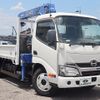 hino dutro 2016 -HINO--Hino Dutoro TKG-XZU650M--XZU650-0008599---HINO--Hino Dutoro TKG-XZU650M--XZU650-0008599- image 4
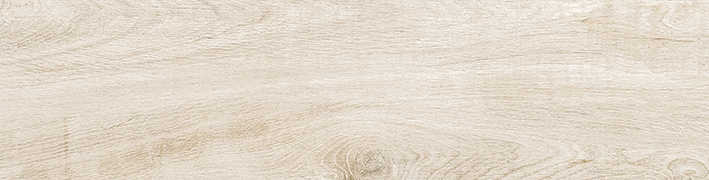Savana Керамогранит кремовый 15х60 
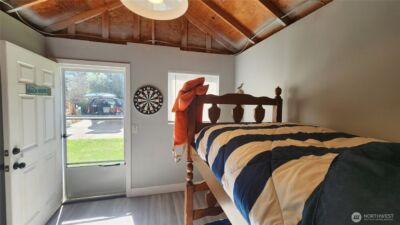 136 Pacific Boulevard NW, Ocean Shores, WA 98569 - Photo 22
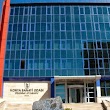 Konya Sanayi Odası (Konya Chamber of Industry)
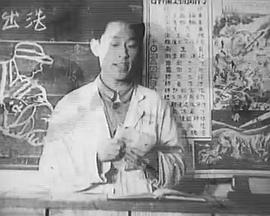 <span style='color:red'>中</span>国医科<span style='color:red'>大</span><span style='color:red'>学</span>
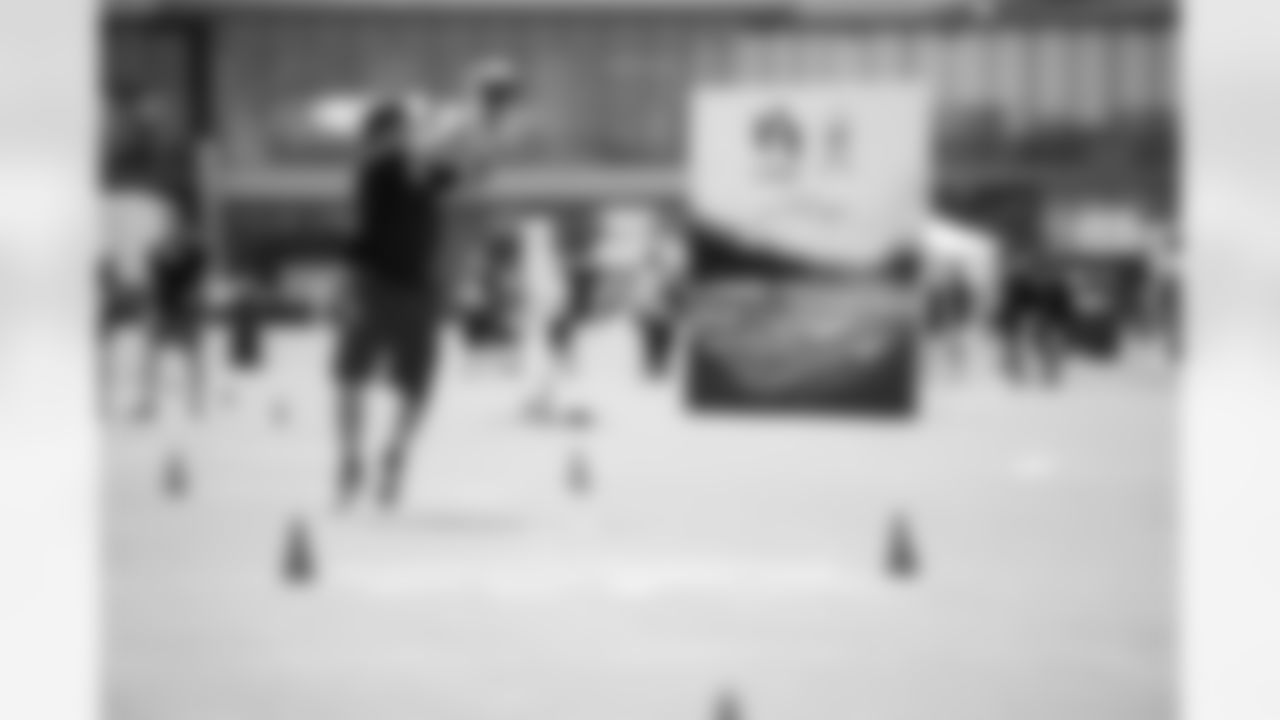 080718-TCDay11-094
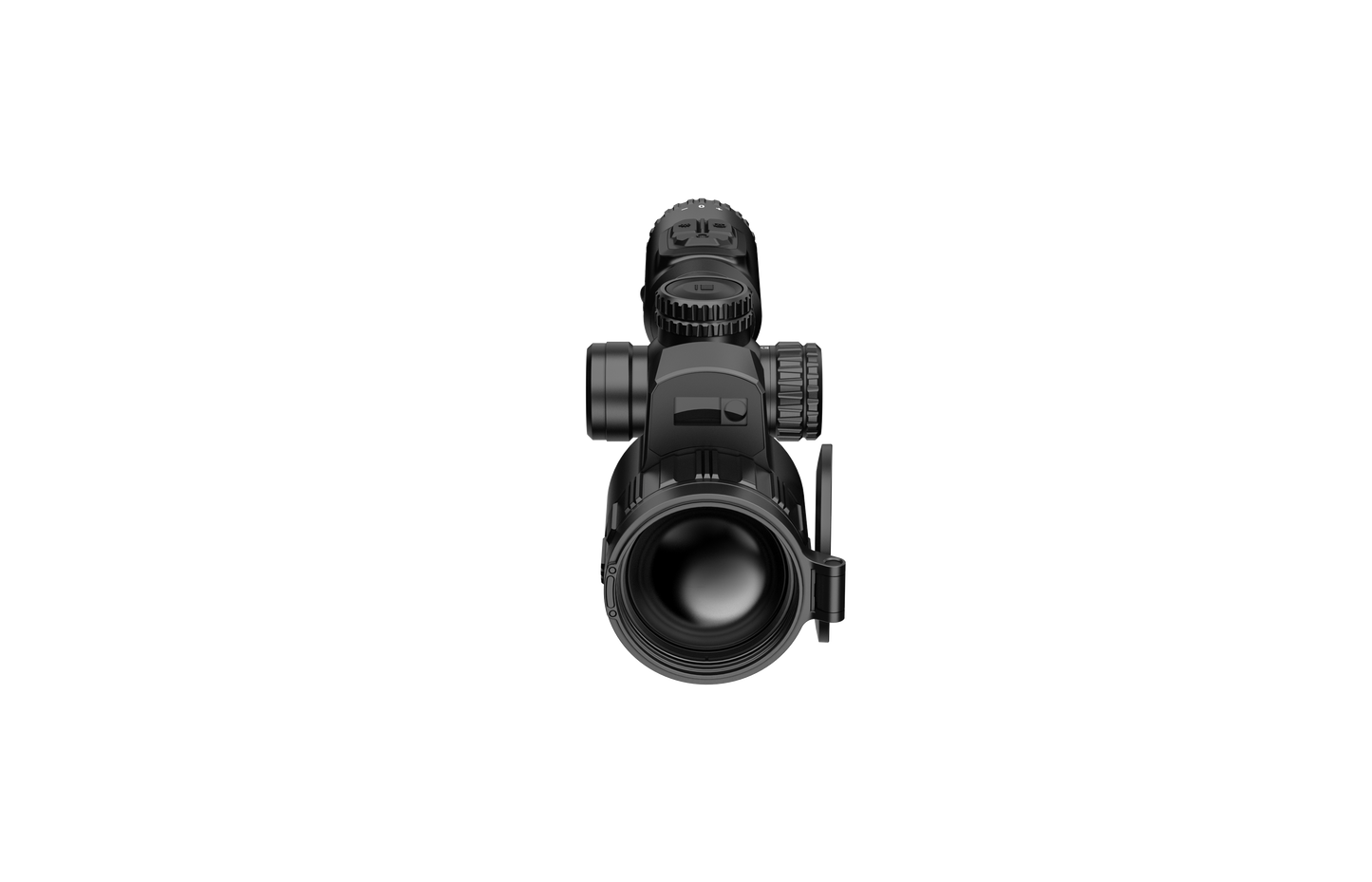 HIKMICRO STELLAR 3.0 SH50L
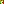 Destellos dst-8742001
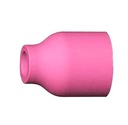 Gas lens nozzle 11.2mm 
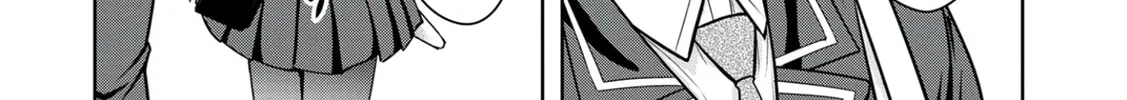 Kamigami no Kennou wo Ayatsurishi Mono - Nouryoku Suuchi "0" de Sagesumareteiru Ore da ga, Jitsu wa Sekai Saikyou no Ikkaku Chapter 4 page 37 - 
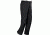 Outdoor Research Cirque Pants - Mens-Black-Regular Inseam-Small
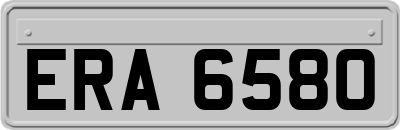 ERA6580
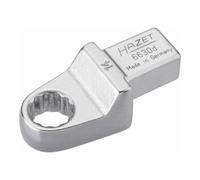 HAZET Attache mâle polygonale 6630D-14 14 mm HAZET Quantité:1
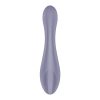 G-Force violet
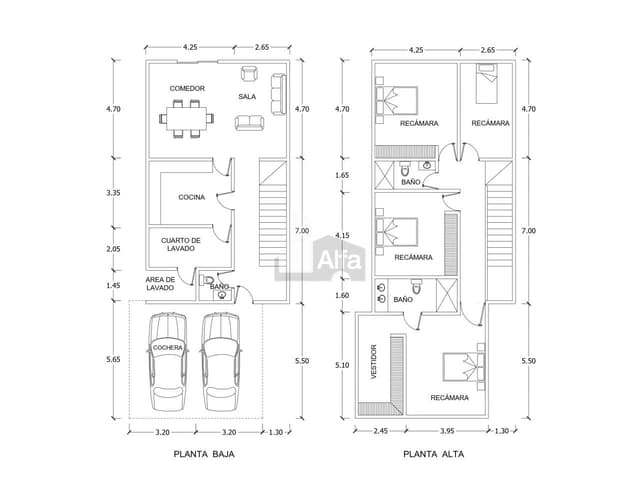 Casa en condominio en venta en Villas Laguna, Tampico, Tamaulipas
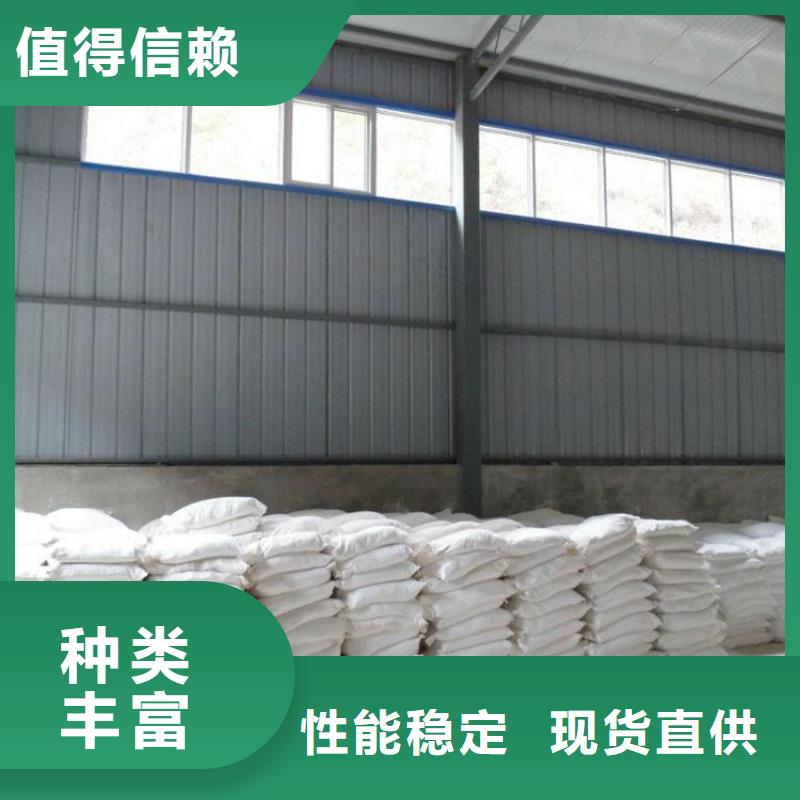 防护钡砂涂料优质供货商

▬▬▬▬▬▬

Problem requirements: Set down every entry above exactly as written. Leave out all pictures.

Result of the task:
 hino dutro 2016 -HINO--Hino Dutoro TKG-XZU650M--XZU650-0008599---HINO--Hino Dutoro TKG-XZU650M--XZU650-0008599- image 4
Savana Керамогранит кремовый 15х60 
 136 Pacific Boulevard NW, Ocean Shores, WA 98569 - Photo 22
 Konya Sanayi Odası (Konya Chamber of Industry)
 <span style='color:red'>中</span>国医科<span style='color:red'>大</span><span style='color:red'>学</span>
 080718-TCDay11-094
 HIKMICRO STELLAR 3.0 SH50L
 Destellos dst-8742001
 Gas lens nozzle 11.2mm 
 Kamigami no Kennou wo Ayatsurishi Mono - Nouryoku Suuchi "0" de Sagesumareteiru Ore da ga, Jitsu wa Sekai Saikyou no Ikkaku Chapter 4 page 37 - 
 Outdoor Research Cirque Pants - Mens-Black-Regular Inseam-Small
 ERA6580
 HAZET Attache mâle polygonale 6630D-14 14 mm HAZET Quantité:1
 G-Force violet
 Casa en condominio en venta en Villas Laguna, Tampico, Tamaulipas
 防护钡砂涂料优质供货商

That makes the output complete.